W tym roku alumni roku propedeutycznego zdecydowali, że prezent trafi do personelu Wojewódzkiego Szpitala Dziecięcego w Olsztynie, na oddział onkologii i hematologii dziecięcej. - Jesteśmy szczęśliwi, że możemy sprawić komuś radość - mówi kl. Jakub. - Warto pamiętać o tych, którzy pomagają. Często są oni jakby w ukryciu. Pamięta się o chorych, a o personelu już nie - dodaje.

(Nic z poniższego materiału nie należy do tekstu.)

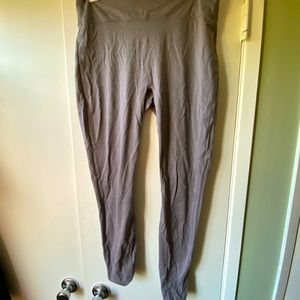 Fabletics light grey, leggings, size XL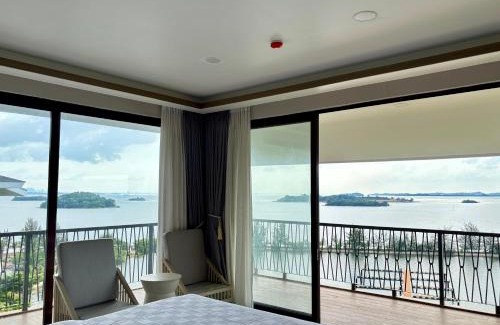 Tanjung Uncang Resort | The Riahi Residences Nirup Island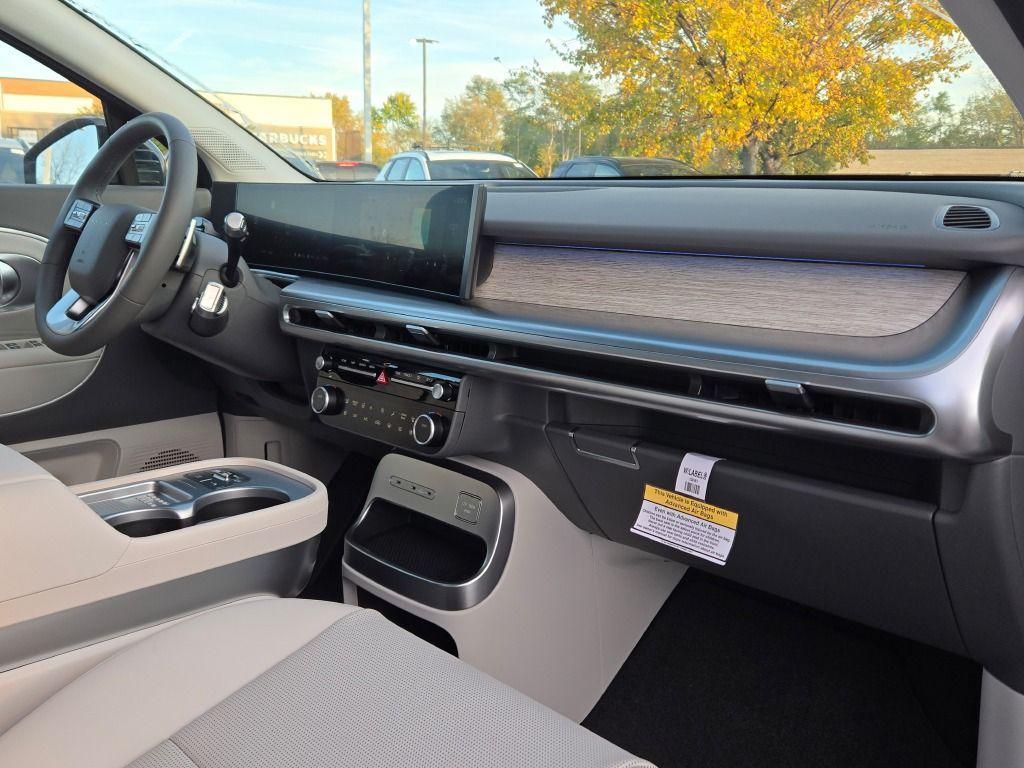 new 2026 Hyundai IONIQ 9 car, priced at $64,036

- Cieszę się, że my dostrzegamy tych ludzi, bo ich poświęcenie i trud jest potrzebny. Oni są aniołami. Są, troszczą się, ale czy o nich pamiętamy i dbamy? My staramy się właśnie o takich osobach pamiętać - zauważa kl. Norbert.
Olsztyn. Wojewódzki Szpital Dziecięcy - Boża Ekipa WSD "Hosianum"
- To piękny gest - podsumowuje krótko dyrektor placówki Krystyna Piskorz-Ogórek. - Cieszymy się, że klerycy pomyśleli o tych, którzy w wieczór wigilijny będą pracować na dyżurach. Dzieci otrzymują wiele prezentów. Dbamy o to, aby w święta dzieci miały moc niespodzianek. Dla nas dyżur jest tak oczywisty, że nie myślimy o tym, że brakuje nas przy świątecznym rodzinnym stole. Fakt, że klerycy o nas pamiętają, jest wzruszający. Łezka się w oku kręci. Pięknie dziękujemy! - wyznaje pani dyrektor.
Kiedy my w wieczór wigilijny zasiądziemy do rodzinnego stołu, personel dyżurny w szpitalu będzie sprawował opiekę nad chorymi dziećmi. - Bez względu na to, jaki to dzień w roku, naszym zadaniem jest pełnienie służby na rzecz naszych małych pacjentów - zauważa Wanda Badowska, ordynator oddziału. - Chemioterapia musi trwać. Są dzieci, które mają powikłania po chemioterapii. Ci mali pacjenci nie mogą wyjść na święta do domów. Oni wymagają intensywnego dozoru. Dlatego na oddziale musi być pełna obsada personelu - wyjaśnia pani ordynator.
I każdy, kto tego wieczoru pełni dyżur, czasem ucieka myślami do rodzinnego domu, do bliskich, którzy w tym czasie łamią się opłatkiem, składają sobie życzenia.
- Kiedy mamy dyżur, często odwiedzają nas na chwilę najbliżsi. Osoby pracujące starają się spotykać, by podzielić się opłatkiem. W tym roku będzie to wyjątkowy wieczór, a to dzięki prezentowi, który otrzymaliśmy - uśmiecha się doktor Badowska.
- Jesteśmy wzruszeni faktem, że ktoś i o nas pomyślał - dodaje. - Powiem dyżurnym, żeby już nie płakali, że mają w Wigilię dyżur. W tym roku otrzymali piękny symbol pamięci i wdzięczności za ich poświęcenie - uśmiecha się pani ordynator.